Once the English pianist Harold Bauer gave a concert in San Francisco, and an F-sharp got stuck just after he’d begun his last piece.  He struggled with the note, trying to disguise that from the audience, trying to keep it from ruining the piece, trying to get through.  When he came offstage, his manager said to him, “Harold, I’ve listened to you up and down the world for twenty years, and that last piece was the most moving performance I have ever heard.”  Which means that audiences are rarely on the same wavelength as performers.  In fact, two very different things are going on at once.  The musician is wondering how to get from the second eight bars into the bridge, and the audience is in pursuit of emotional energy.  The musician is struggling, and the audience is making up dreamlike opinions about the music that may have nothing at all to do with what the musician is thinking or doing musically.  If audiences knew what humdrum, daylight things most musicians think when they play, they’d probably never come. 

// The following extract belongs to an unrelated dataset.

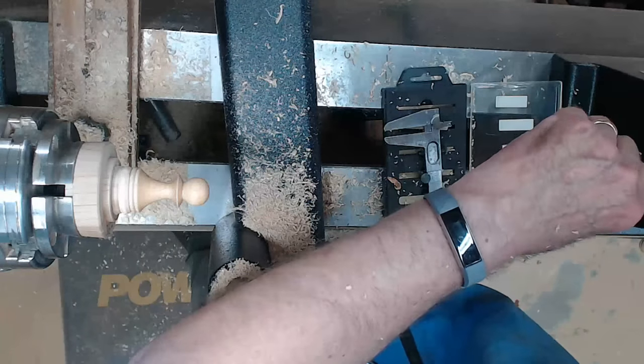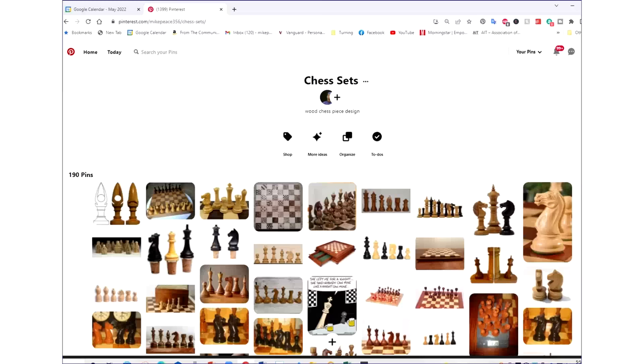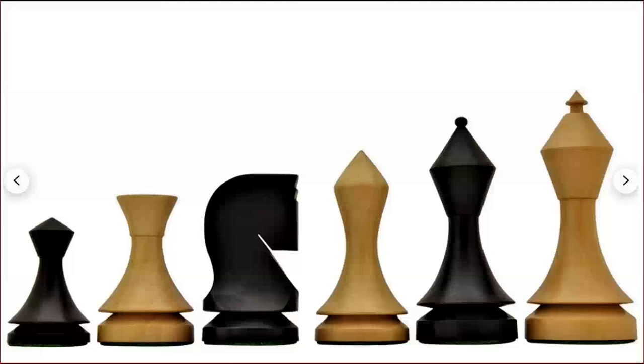Let's talk about design. I found this to be a real rabbit hole. My favorite site is Pinterest, but Google Images also works. You can find my Pinterest board on chess men, and there are all kinds of different chess sets out there to inspire you — including some very simple systems with no beads at all, which makes them very easy to turn.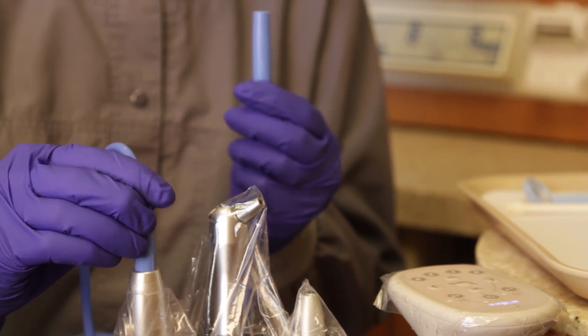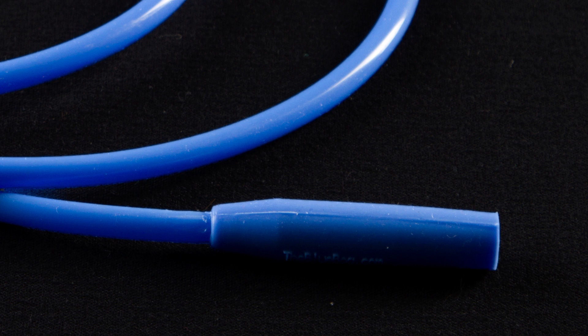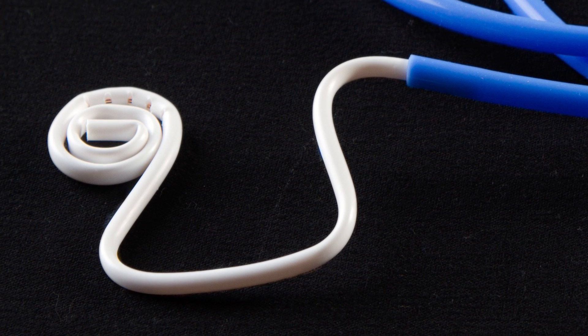The BlueBoa adapter fits directly into the high-volume evacuator. It has a tapered end that provides a snug fit. The other end of the BlueBoa works in conjunction with a saliva ejector.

— told to Whitney Balliett, “Easier Than Working,” American Musicians 312-13.

The Dear Departed Days:

December 1946, Jimmy Ryan’s, New York City: Ed Phyfe (drums), John Glasel (tpt); Bob Wilber, Wellstood, Charlie Traeger (bass).  Photograph by William P. Gottlieb.



  1. I am a huge fan of Dick Wellstood. Have several of his CDs and play them often. He had a style of his own, and I loved it! If there is Jazz in Heaven, you can bet Dick will be at the piano!

  2. When the “kids” in Westchester County were struggling to learn jazz in the ’40s, Dick was not only the most accomplished of all, but the most generous to the lesser of us, with his knowlege and help. When I first played his staggering version of Giant Steps for my piano playing buddy, Jerry Noble, he was absolutely stunned. The sheer magic of his mastery was matched with a gentle manner and a quiet wit that masked a brilliant mind. He truly reached musical greatness.

  3. That is very true. As a performer, I have often wondered what people are thinking while I am terrified of playing on that broken key held together only by sticky notes.

  4. I stumbled joyfully on this picture while looking for recent evidence of Ed Phyfe, the fine drummer from Larchmont who played with many of the jazz greats around Washington, DC for many years. I was delighted to see a picture of The Scarsdale lad,Bob Wilber, immensely gifted on clarinet and soprano sax and was disappointed not to see the Strong brothers (trombone and drums and not playing here). Johnny Glazel was there -an amazing talent at his young age of 14. I was sad not to find Eddy Hubbel the trombonist who was an important member of that group. Ollie Balf (cornet) and I (clarinet ) from Rye met Charlie Treager and Dick Wellstood at a jam session at the Greenwich YMCA (1944?). At the time, Dick was the least talented of the group – but my, did he blossom. His idol at the time was Willie the Lion Smith. Many years later, Ollie and his wife went to hear Wellstood at a bar in Manhattan. Ollie asked Dick to stop at the table for a drink at intermission and Dick sent back a note asking “Ollie Balf the cornet player?” Ollie could not have been more pleased.

    The 1940s in Westchester were a very special time and the photo of the group at Ryan’s refreshed the memories.